In response, Crypto.com has filed a lawsuit against the SEC. The company published a statement and contended that the agency had exceeded its authority by creating de facto rules for digital assets without following proper legal procedures.

In an interview, Daniel Stabile and Kimberly Prior, co-chairs of Winston & Strawn LLP’s Digital Assets and Blockchain Technology Group, emphasized that this lawsuit could potentially reshape the regulatory landscape for crypto, as it directly challenges the SEC’s interpretation of its authority over digital assets.

According to Crypto.com’s statement, the lawsuit highlighted a key conflict over regulating digital assets. Crypto.com claimed the SEC has overstepped by treating various digital assets as securities without following the proper legal processes required under U.S. law.

The company argued that the SEC bypassed the notice and comment rulemaking process, as the Administrative Procedure Act required. This lawsuit challenged what Crypto.com views as improperly expanding the SEC’s authority.

“Crypto.com is alleging that the SEC has de facto created a rule already that essentially many types of digital assets are securities under U.S. law, and they did that without engaging in the traditional notice and comment rulemaking process, which is required under U.S. administrative law,” said Daniel Stabile.

In addition to the lawsuit, Crypto.com has filed a joint petition under the Dodd-Frank Act with both the SEC and the Commodity Futures Trading Commission (CFTC). The petition asked for collaboration between the two regulatory bodies to establish clearer guidelines on digital assets.

The lack of coordination between the SEC and CFTC has been a long-standing issue, with both agencies asserting authority over digital assets. Crypto.com’s petition aims to resolve this regulatory overlap.

“What’s unique about this case is that it’s not just a legal challenge to the SEC, but it’s also an effort to get the SEC and CFTC to work together,” said Kimberly Prior. “Crypto.com is essentially trying to force the two agencies to interact and come to some agreement.”

Stabile noted that while other firms have filed lawsuits against the SEC, this case stands out due to its dual approach, combining a legal challenge with a push for regulatory collaboration.

Therefore, the case’s outcome could set an important precedent, potentially influencing how digital assets are classified and regulated in the U.S.

2024 Election Could Shift SEC’s Approach to Crypto Regulation

The upcoming 2024 U.S. presidential election is seen as a potential turning point for crypto regulation.
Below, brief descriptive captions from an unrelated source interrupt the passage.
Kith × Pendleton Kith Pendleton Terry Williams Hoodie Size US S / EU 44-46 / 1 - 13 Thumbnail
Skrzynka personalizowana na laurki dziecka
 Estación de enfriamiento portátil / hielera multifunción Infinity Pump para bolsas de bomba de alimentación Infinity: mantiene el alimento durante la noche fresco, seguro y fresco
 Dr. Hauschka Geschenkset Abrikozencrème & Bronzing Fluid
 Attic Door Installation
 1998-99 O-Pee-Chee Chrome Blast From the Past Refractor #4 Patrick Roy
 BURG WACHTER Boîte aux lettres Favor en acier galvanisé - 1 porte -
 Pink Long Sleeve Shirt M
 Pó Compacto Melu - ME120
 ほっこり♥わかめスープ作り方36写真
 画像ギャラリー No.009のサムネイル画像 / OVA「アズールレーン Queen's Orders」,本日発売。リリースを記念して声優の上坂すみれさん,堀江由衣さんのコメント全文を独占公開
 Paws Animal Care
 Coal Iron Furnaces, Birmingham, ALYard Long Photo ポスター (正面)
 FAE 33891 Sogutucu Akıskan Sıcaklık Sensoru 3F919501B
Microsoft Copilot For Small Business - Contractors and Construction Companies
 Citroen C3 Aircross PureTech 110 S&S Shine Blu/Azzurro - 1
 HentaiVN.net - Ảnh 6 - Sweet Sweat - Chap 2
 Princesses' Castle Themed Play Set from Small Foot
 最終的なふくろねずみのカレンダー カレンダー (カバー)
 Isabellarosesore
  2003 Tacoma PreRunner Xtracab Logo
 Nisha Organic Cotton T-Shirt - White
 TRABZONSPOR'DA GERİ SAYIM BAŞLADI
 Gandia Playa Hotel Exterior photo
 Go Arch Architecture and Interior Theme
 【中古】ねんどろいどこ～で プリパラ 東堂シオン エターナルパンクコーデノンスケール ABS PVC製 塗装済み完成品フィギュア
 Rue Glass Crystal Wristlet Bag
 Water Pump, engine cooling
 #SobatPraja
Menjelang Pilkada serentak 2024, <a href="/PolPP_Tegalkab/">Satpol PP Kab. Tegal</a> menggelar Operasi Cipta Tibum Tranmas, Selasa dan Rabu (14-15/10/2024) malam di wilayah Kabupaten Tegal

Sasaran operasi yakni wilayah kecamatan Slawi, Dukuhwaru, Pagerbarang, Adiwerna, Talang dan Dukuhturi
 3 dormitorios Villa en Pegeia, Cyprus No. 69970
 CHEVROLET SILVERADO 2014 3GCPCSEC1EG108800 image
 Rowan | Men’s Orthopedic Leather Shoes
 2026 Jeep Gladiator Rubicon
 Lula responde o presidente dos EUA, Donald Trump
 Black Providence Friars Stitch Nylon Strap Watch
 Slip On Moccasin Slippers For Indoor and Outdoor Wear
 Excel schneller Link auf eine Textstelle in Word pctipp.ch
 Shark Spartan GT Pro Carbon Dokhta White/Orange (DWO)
A probable change in administration could significantly impact the SEC’s approach to enforcement within the crypto sector.

“There’s a very good chance that depending or regardless of which direction the election goes, the SEC chairman could change, and the enforcement posture and the direction the SEC takes with respect to digital assets may also change in some way,” said Prior.

She explained that the election’s outcome might determine whether the SEC softens its approach to crypto regulation.

Stabile echoed these sentiments, adding that the U.S. Congress may play a critical role in shaping the future of digital asset regulation.

“Congress may be the most important piece of this entire puzzle… the industry is seeking clarity because that’s what will unleash so much potential energy in the space in the United States,” said Stabile.

Treasury’s role in crypto regulation was also discussed, particularly if Gary Gensler were to take up a leadership position within the department. While the Treasury’s primary focus would be tax and financial crime compliance, both attorneys agreed that it would have less direct impact on securities laws.

“If he were to take the position of Secretary of Treasury, he certainly would be somewhat involved in the industry and could continue to take an active role, but I don’t think it would be with respect to the securities law aspects,” Kimberly Prior explained.

Stabile and Prior also touched on the complexities of defining digital assets as securities, which remains a central challenge for the industry. Stabile noted that determining whether a digital asset is a security cannot be simplified into a one-size-fits-all rule.

“It’s much more complicated because there are a nearly infinite variety of digital assets, and some types of digital assets are securities. Many are not,” he said.

Prior added that regulators must develop a more nuanced approach to crypto classification, emphasizing that clarity is essential to avoid blanket assumptions.

“You have to look at how each product is structured. For example, tokenized real-world assets may or may not be securities, depending on how they are presented,” added Prior.

This ongoing difficulty in defining digital assets and ensuring consistent regulatory treatment is a key issue that both attorneys believe requires attention from lawmakers and regulators alike.

Daniel Stabile specializes in handling litigation and regulatory challenges within the crypto industry, while Kimberly Prior focuses on advising clients on U.S. securities and banking laws related to digital assets. Both have contributed to legal education, teaching digital asset regulation at the University of Miami Law School.